The material below includes pictures; leave them out and return only the lines between the line containing "Used 2006 Ford Mustang GT RWD image 4" and the line containing "Park Hills Townhome: 303 Douglas", inclusive, word for word.

+ + + + + + +

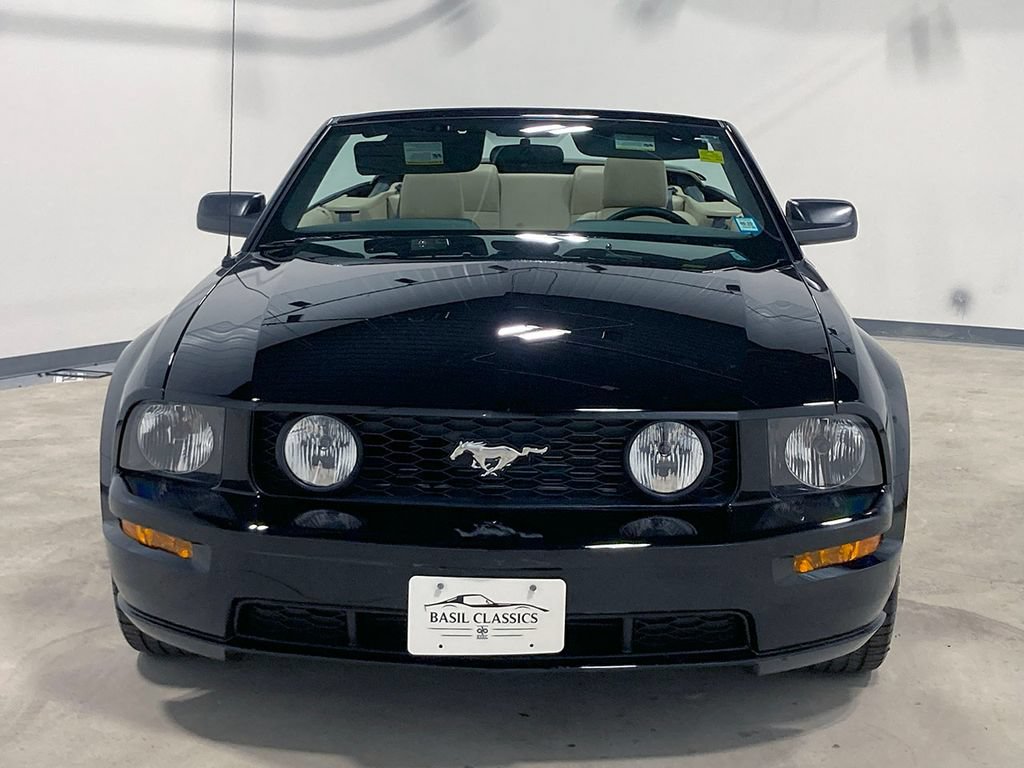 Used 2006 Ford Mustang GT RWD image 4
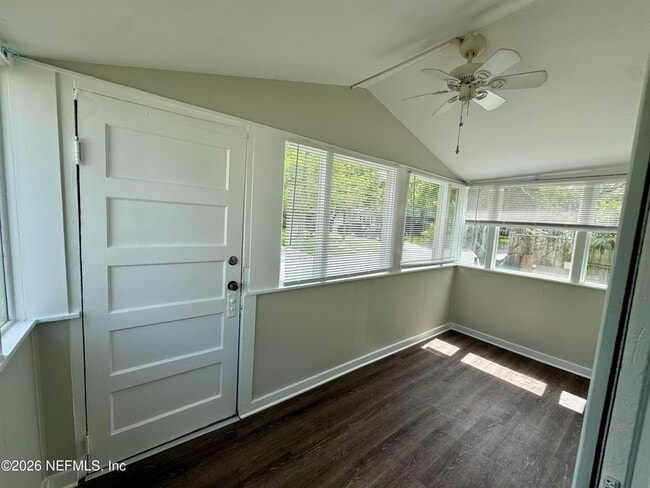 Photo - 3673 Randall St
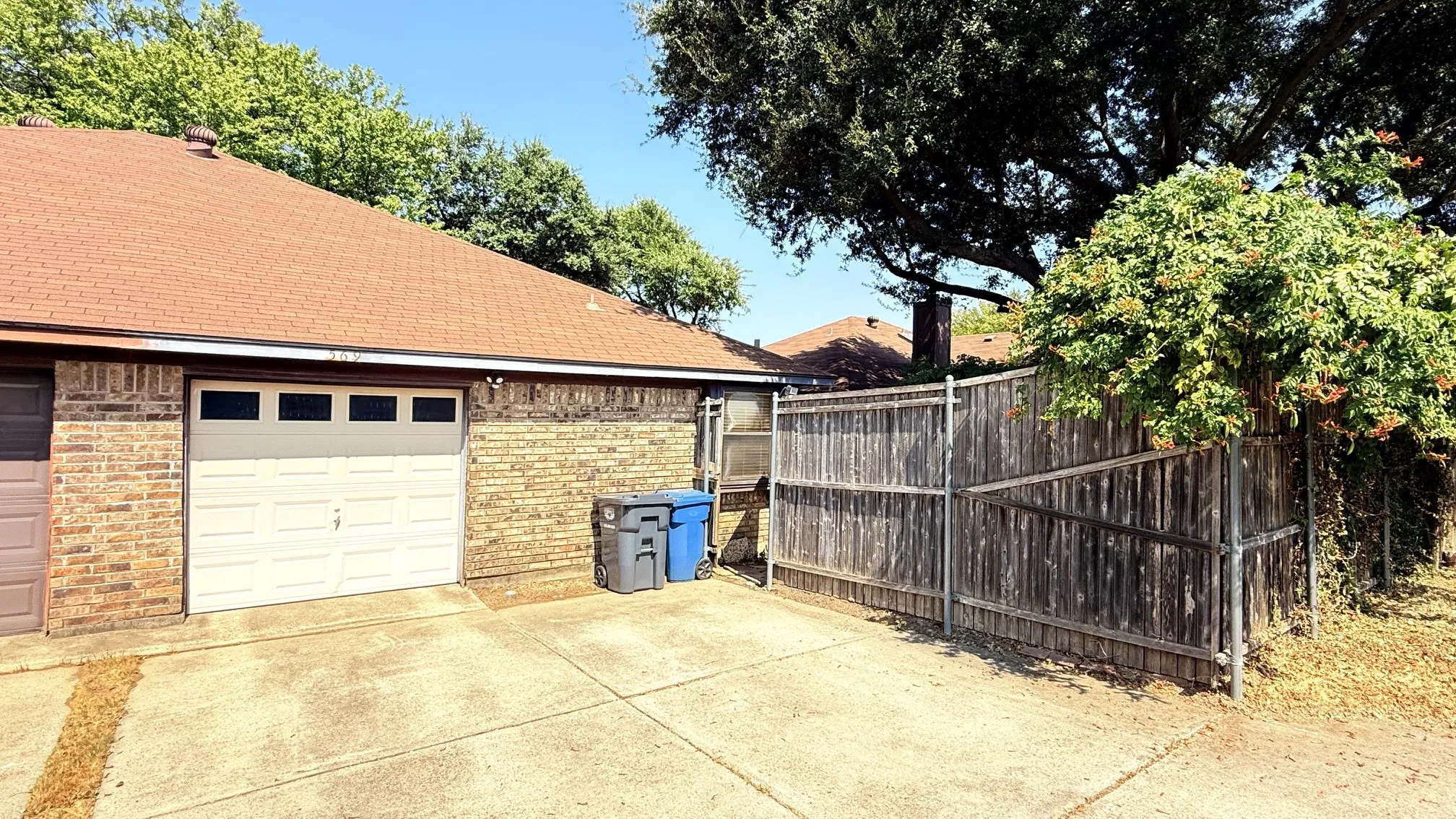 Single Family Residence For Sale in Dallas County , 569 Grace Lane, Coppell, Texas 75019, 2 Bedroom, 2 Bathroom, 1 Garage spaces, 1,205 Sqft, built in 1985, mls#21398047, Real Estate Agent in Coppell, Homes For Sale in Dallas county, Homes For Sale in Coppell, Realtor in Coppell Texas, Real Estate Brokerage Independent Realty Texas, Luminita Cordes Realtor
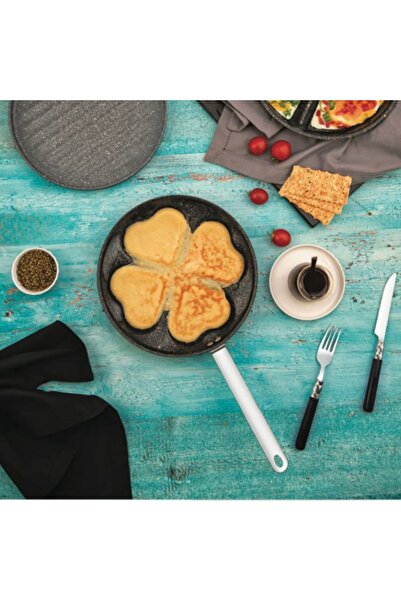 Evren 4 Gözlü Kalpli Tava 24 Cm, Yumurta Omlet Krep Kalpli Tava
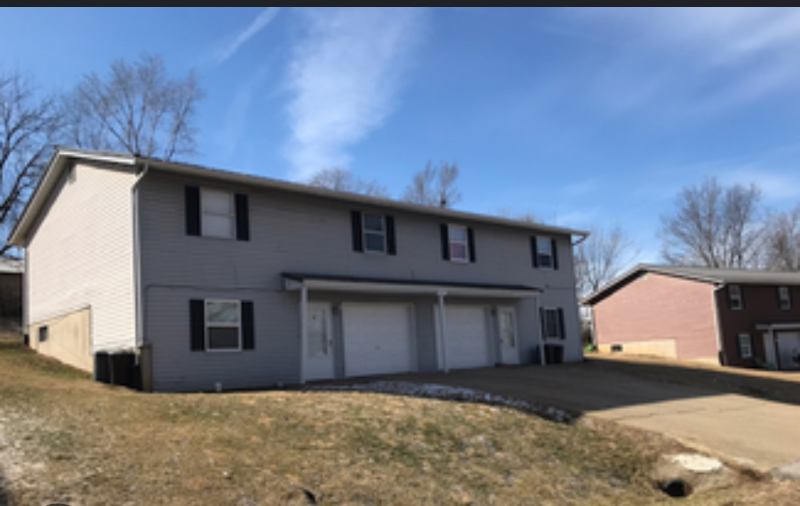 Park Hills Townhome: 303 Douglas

+ + + + + + +

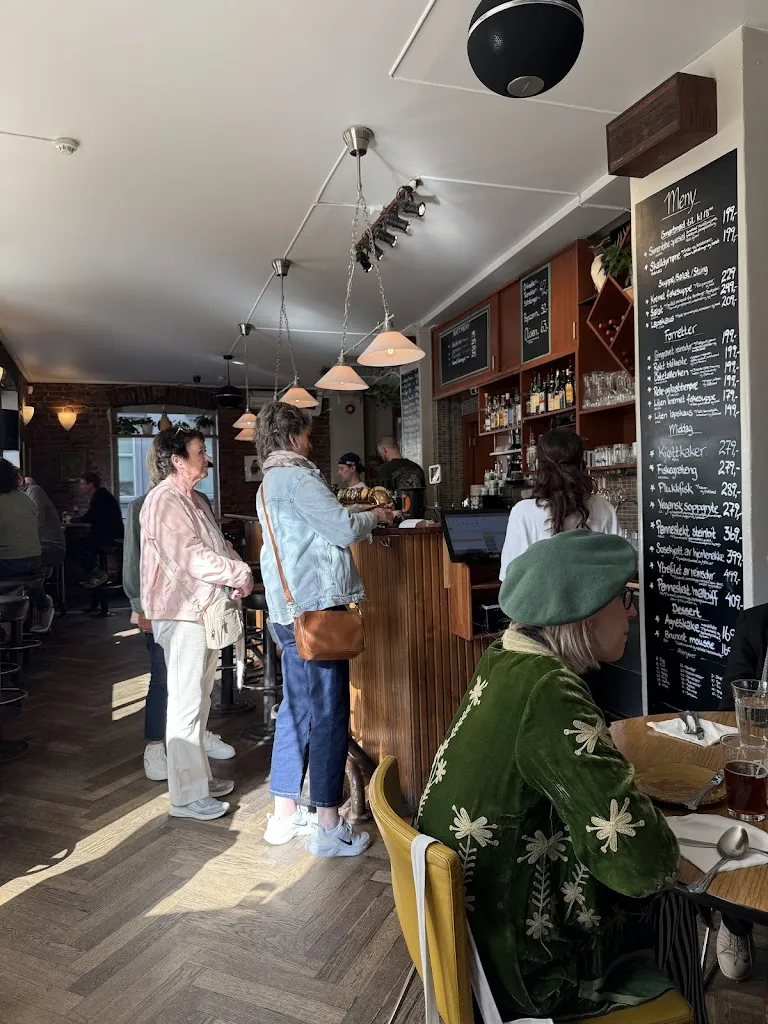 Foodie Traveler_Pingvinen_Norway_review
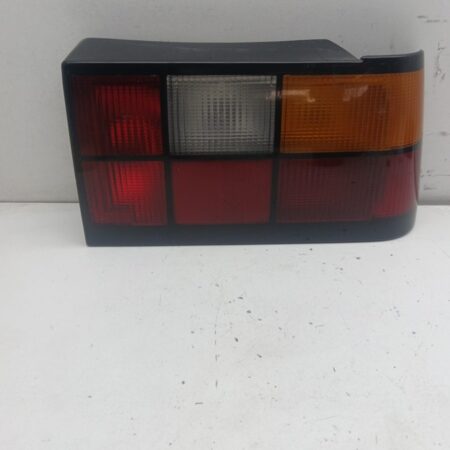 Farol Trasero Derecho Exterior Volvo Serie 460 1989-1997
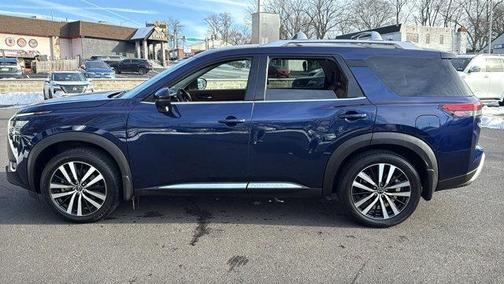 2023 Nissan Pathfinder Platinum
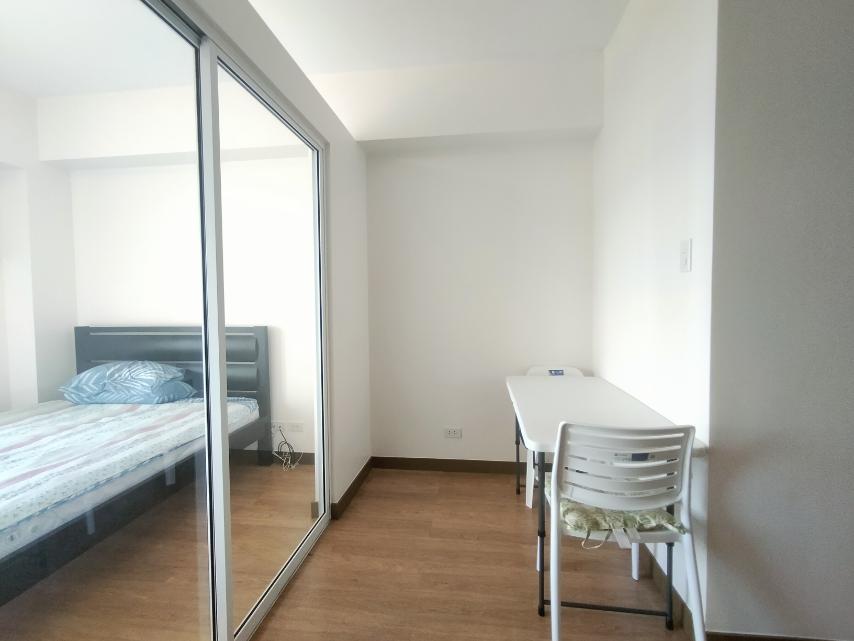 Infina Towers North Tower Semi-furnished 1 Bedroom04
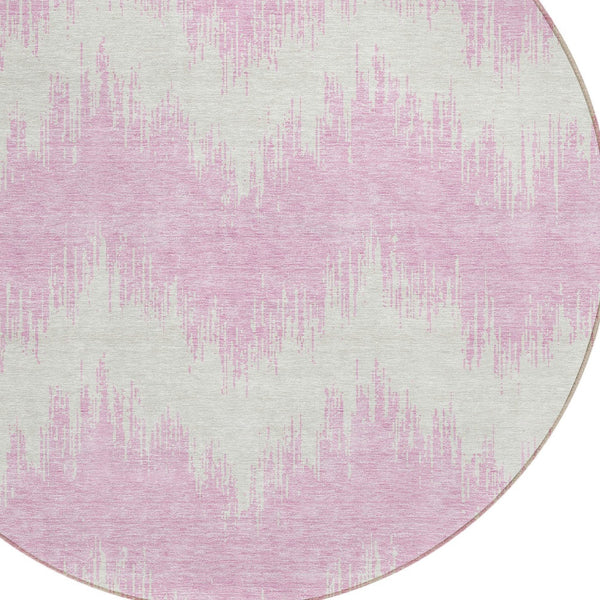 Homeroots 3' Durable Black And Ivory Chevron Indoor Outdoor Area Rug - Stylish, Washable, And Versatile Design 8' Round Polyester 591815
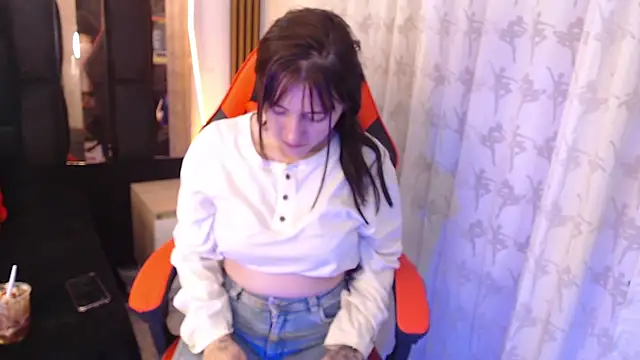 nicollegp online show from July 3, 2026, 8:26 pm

+ + + + + + +

## Solution for this exercise
 Used 2006 Ford Mustang GT RWD image 4
 Photo - 3673 Randall St
 Single Family Residence For Sale in Dallas County , 569 Grace Lane, Coppell, Texas 75019, 2 Bedroom, 2 Bathroom, 1 Garage spaces, 1,205 Sqft, built in 1985, mls#21398047, Real Estate Agent in Coppell, Homes For Sale in Dallas county, Homes For Sale in Coppell, Realtor in Coppell Texas, Real Estate Brokerage Independent Realty Texas, Luminita Cordes Realtor
 Evren 4 Gözlü Kalpli Tava 24 Cm, Yumurta Omlet Krep Kalpli Tava
 Park Hills Townhome: 303 Douglas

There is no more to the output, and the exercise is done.